▶ _Brief descriptive captions_:
......

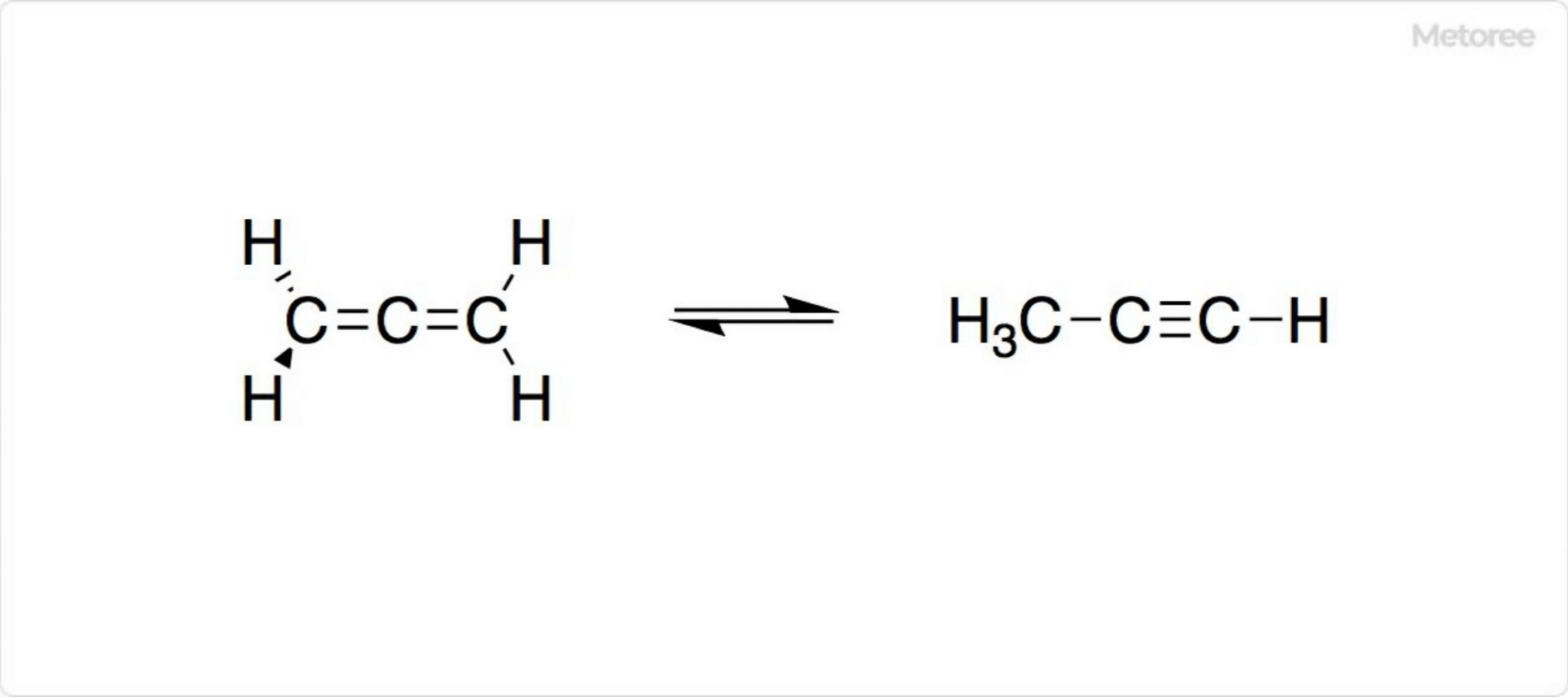 Figure 2: Synthesis of Allene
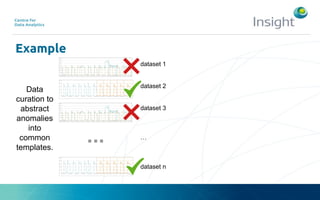 Example
Data
curation to
abstract
anomalies
into
common
templates.
...
dataset 1
dataset 2
dataset 3
…
dataset n
 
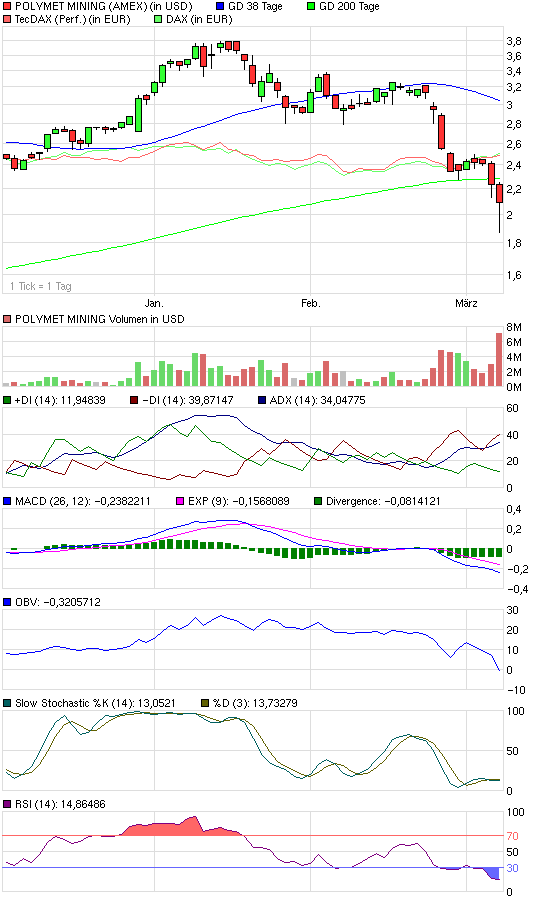 Polymet Mining WKN 870808 - 300 bis 400% möglich 304633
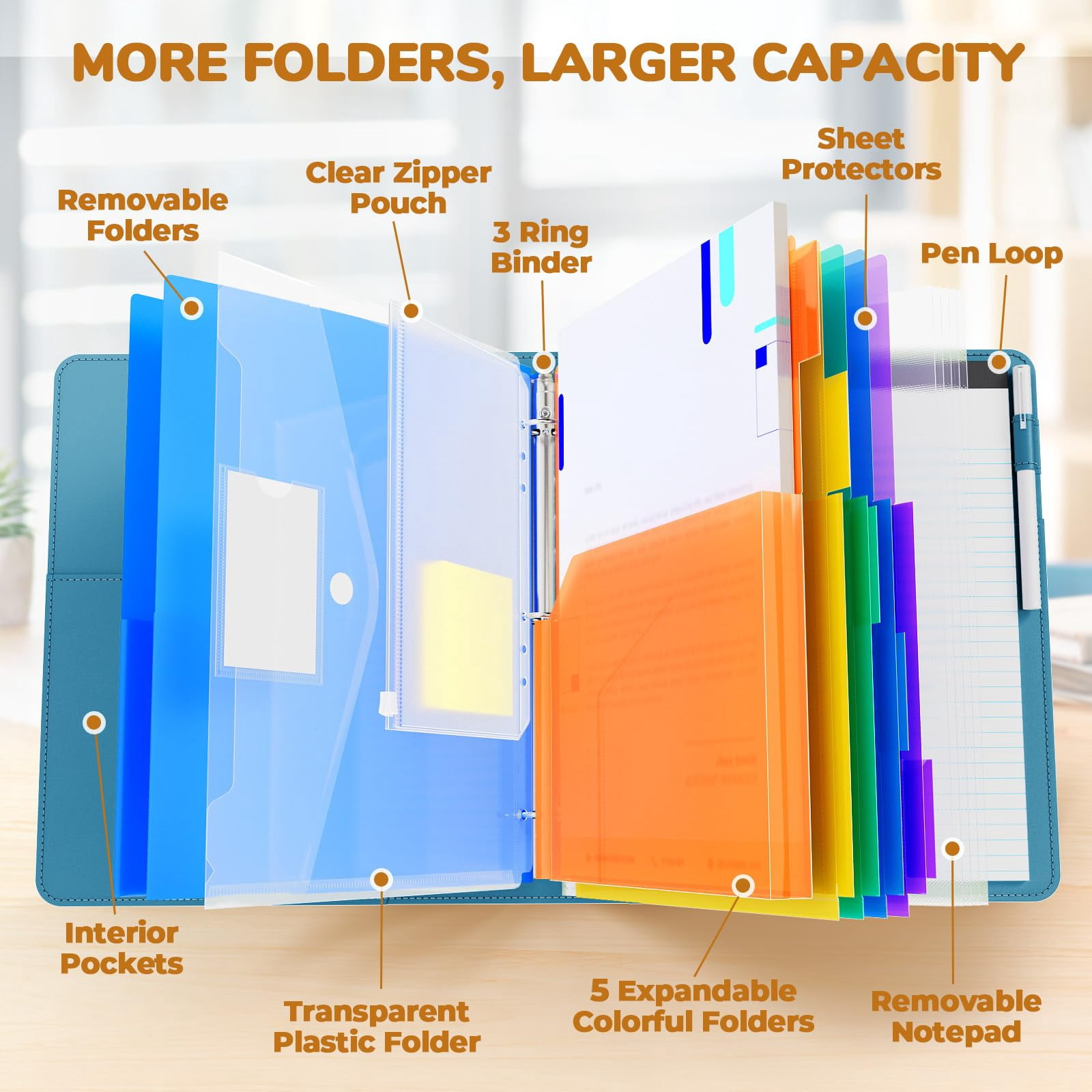 3 Ring Binder Clipboard With Storage 12.4"x10.2"magnetic Folder 5 Expandable Folders Refillable Lined Notepad (11" X 8.5") Ideal For School Office Nursing(dark Blue)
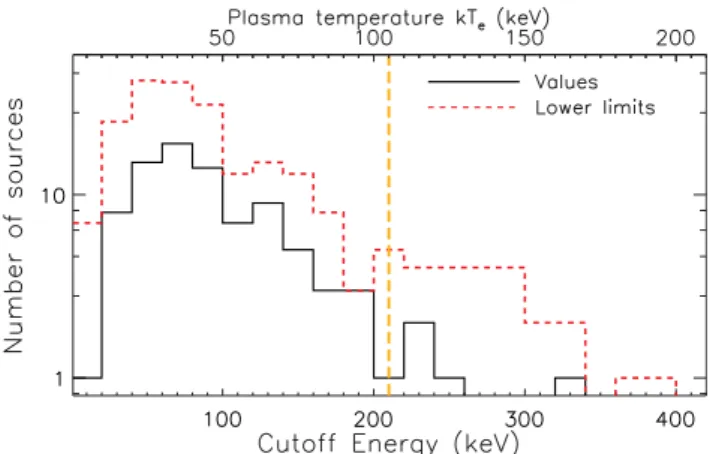 Figure 1. Histogram of the cut-off energy of unobscured (N H < 10 22 cm −2 ) sources from the Swift/BAT AGN catalogue of Ricci et al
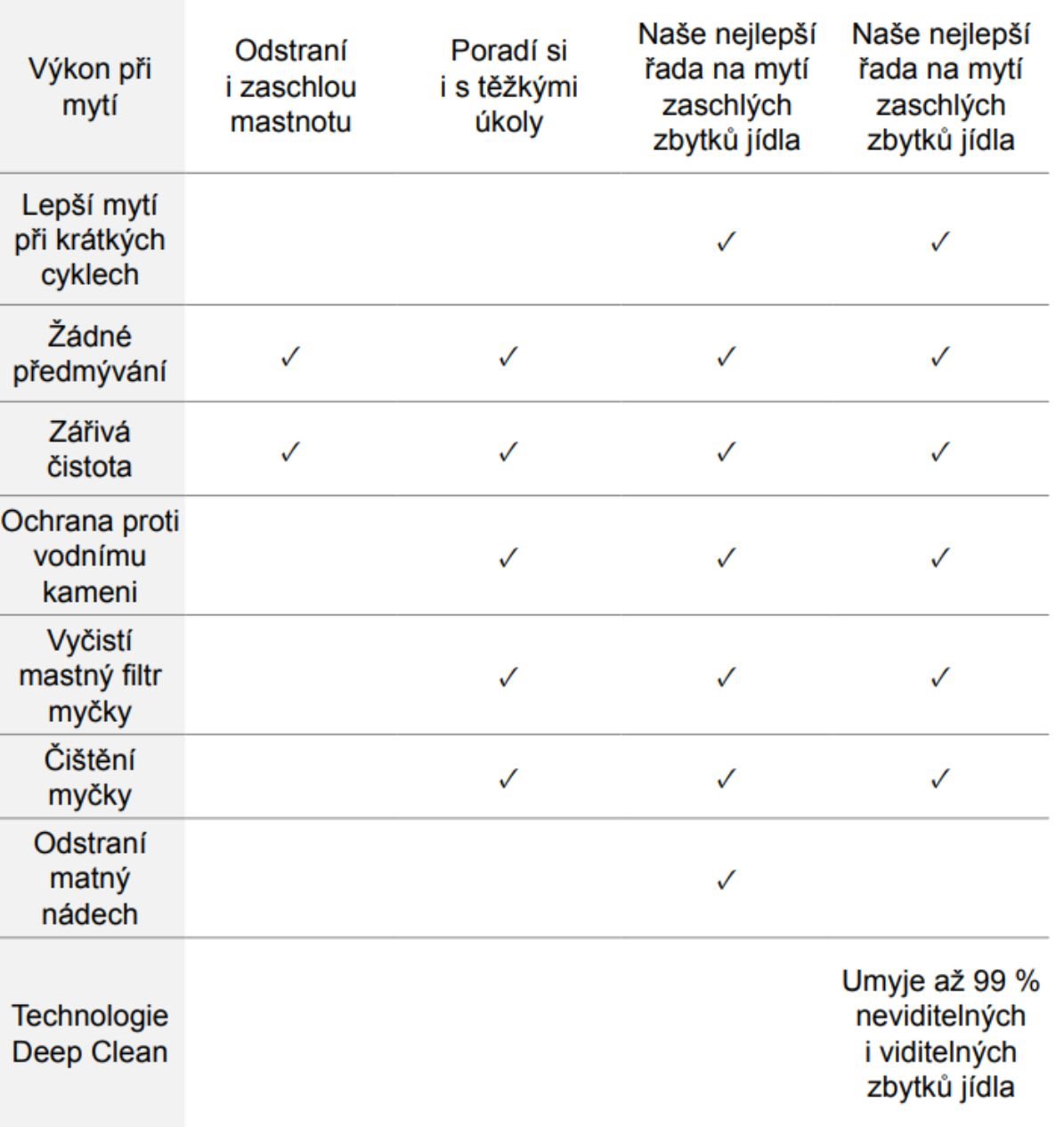 Tablety do myčky JAR Platinum Plus Lemon 200 ks Tablety do myčky JAR Platinum Plus Lemon 200 ks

......

▶ _Exercise description_:
Please provide a faithful transcription of all the data, pictures excluded.

▶ _Finished task_:
 Figure 2: Synthesis of Allene
 Example
Data
curation to
abstract
anomalies
into
common
templates.
...
dataset 1
dataset 2
dataset 3
…
dataset n
 
 Polymet Mining WKN 870808 - 300 bis 400% möglich 304633
 3 Ring Binder Clipboard With Storage 12.4"x10.2"magnetic Folder 5 Expandable Folders Refillable Lined Notepad (11" X 8.5") Ideal For School Office Nursing(dark Blue)
 Figure 1. Histogram of the cut-off energy of unobscured (N H < 10 22 cm −2 ) sources from the Swift/BAT AGN catalogue of Ricci et al
 Tablety do myčky JAR Platinum Plus Lemon 200 ks Tablety do myčky JAR Platinum Plus Lemon 200 ks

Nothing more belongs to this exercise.